Customs and construction: Who bears the risk?

April 28th, 2025

Changes in customs duties may result in an increase or decrease in the timing and cost parameters of construction contracts.

According to standard construction industry practice, who bears the risk?

When it comes to assessing the risks associated with customs duties, the determining factor is the pricing model (cost-plus (“CP”), stipulated price (“SP”), unit price (“UP”), target cost with gain or pain sharing (“TCi”)) rather than the project delivery method itself (i.e., general contracting, traditional or progressive design-build, construction manager at risk, integrated project delivery, etc.).

The CP

The “cost” component assumed by the owner is based on the costs actually incurred in performing the work, including customs duties, except for those incurred due to a lack of due diligence on the part of the contractor (design-builder, construction manager at risk, or the design-build team):

For illustrative purposes, see CCDC-5B, Articles A-7.1 (.9, .11, .12), A-7.3, GC 6.5.3.4, GC 10.1, and GC 10.2.

This means the owner assumes the risk, subject to the exception set out above.

The owner’s risk would be limited if the “Guaranteed Maximum Price (“GMP”)” is reached, should this option be exercised. Article GC 10.1 of the CCDC-5B contract (which deals with taxes and customs duties) does not provide for adjustment of the guaranteed maximum price. However, Article GC 10.2 (which deals with the impact of changes to applicable laws, regulations, and codes) does so by referring to the principles of Articles GC 6.1 to 6.3.

The increase would either be taken from the contingency budgeted by the contractor in addition to their estimate, from the contingency allowance, or even directly from their administration fees and profits, when the GMP option is exercised.

Of course, these principles can be modified by supplementary conditions, including whether specific components of the cost of the work are priced on a lump-sum or per-unit basis (in accordance with customary practice vis-à-vis general site conditions.)

The SP

Stipulated price contracts usually provide for specific timing and cost adjustment rights in the event of changes to customs duties. The related risk rests with the owner or, in the case of a subcontract, with the contractor who has equivalent rights under the main contract.

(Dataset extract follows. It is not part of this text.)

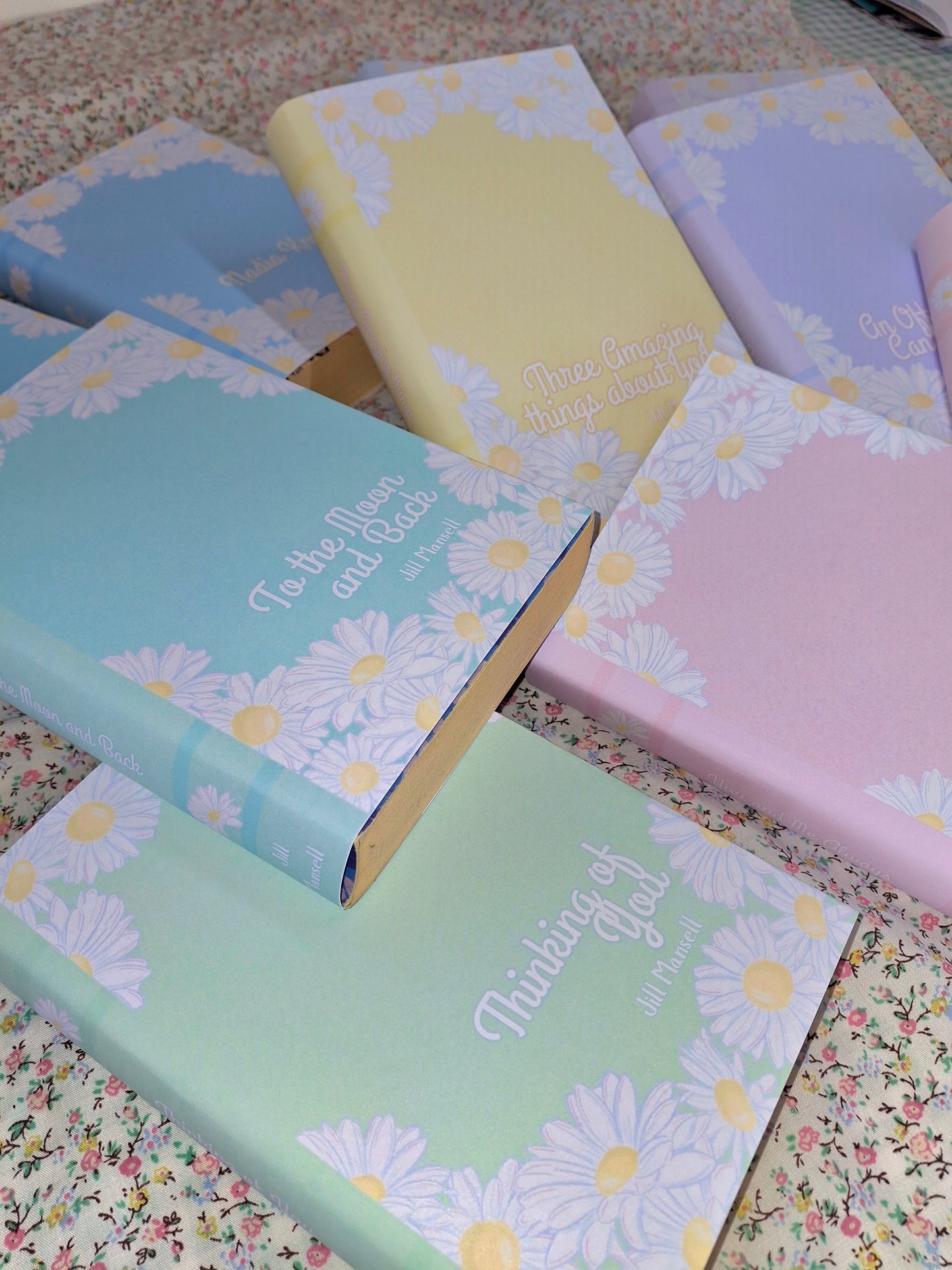 Digital Daisy Pastel Decorative Dust Jackets. Editable in Canva 10 colours.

  • For illustrative purposes, see CCDC-2, Articles GC 6.5.3.4, GC 10.1, and GC 10.2 (and the corresponding provisions of ACC-1).

The UP

With regard to customs duties, the principles applicable to unit-price contracts are generally similar to or identical to those set out for stipulated price contracts.

  • For illustrative purposes, see CCDC-4, Articles GC 6.5.3.4, GC 10.1, and GC 10.2.

The TCi

When the pricing model is based on a target cost and gain/pain sharing, as in the case of integrated project delivery, the situation is always unique.

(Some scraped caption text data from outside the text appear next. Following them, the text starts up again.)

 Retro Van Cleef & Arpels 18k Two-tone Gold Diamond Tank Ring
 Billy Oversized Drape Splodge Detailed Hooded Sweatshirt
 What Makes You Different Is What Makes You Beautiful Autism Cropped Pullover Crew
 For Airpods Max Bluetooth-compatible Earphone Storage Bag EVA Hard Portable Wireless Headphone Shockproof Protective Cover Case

In principle, changes in customs duties can be taken into account:

  • in the appropriate amount for allowances and contingencies within the target cost, which usually excludes costs arising from conditions or circumstances that vary substantially from what had been anticipated;
  • in the risk reserve, either by including the changes in the profit or by setting up a contingency reserve, either within the risk reserve or separately;
  • as a distinct risk assumed by the owner, i.e., conferring a right to adjust the target cost so as not to affect, under this cost item, the profitability of the design-build team;
  • or in a hybrid way, e.g., by limiting the participation of one or more parties in the related risk.

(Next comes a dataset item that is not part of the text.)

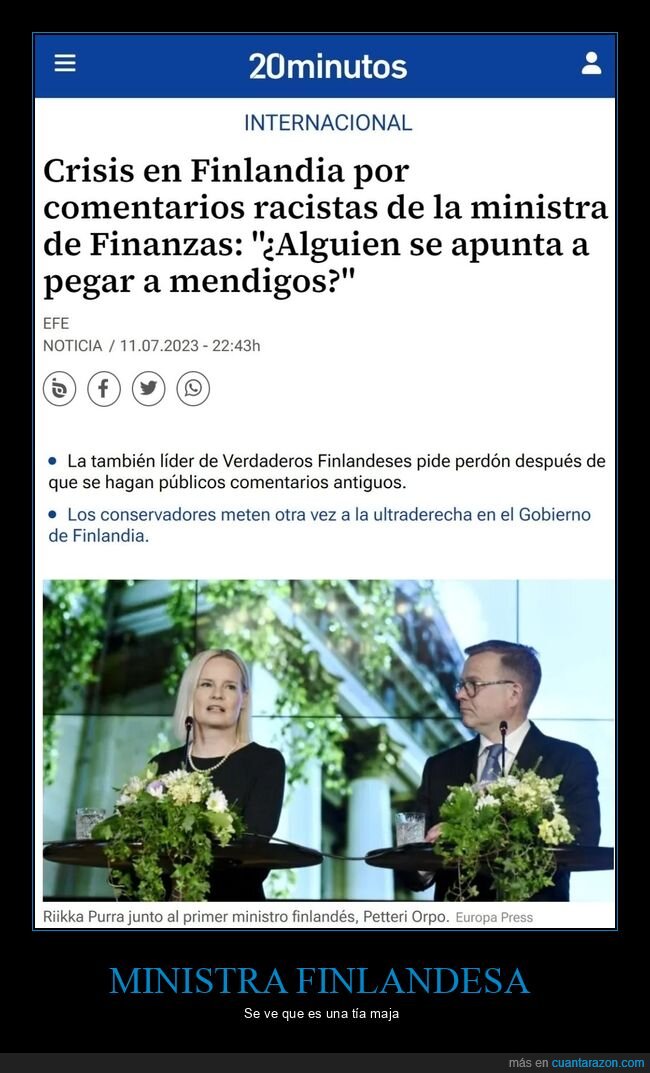 finlandia,ministra,pegar,mendigos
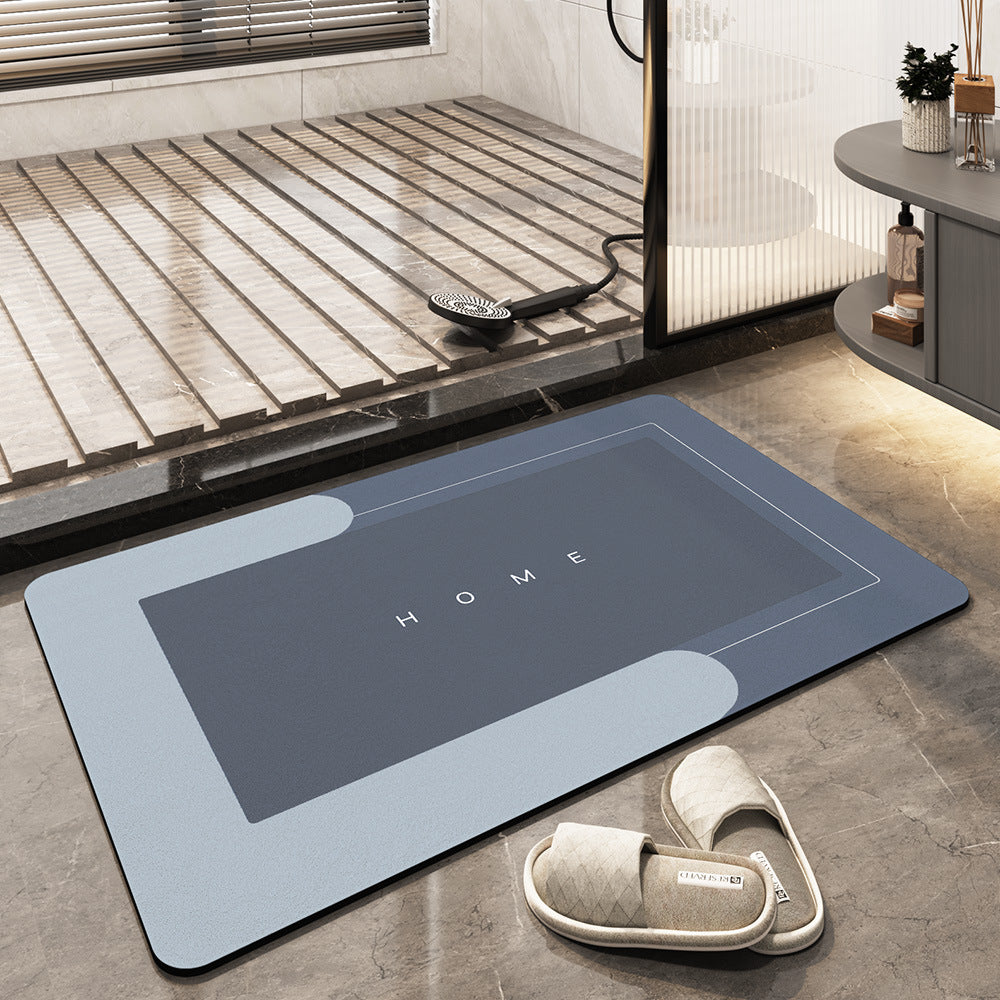 Stylish bath mat, non-slip, ultra absorbent, quick-dry, enhancing bathroom decor & safety.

In conclusion, changes in customs duties do not pose any particular challenge in Canadian construction contracts, as this issue is already addressed in standard contracts and other forms in line with established practice.

The real challenge lies in quantifying the related effects, i.e., providing the level of proof required to adequately support requests for timing and cost adjustments linked to customs duties.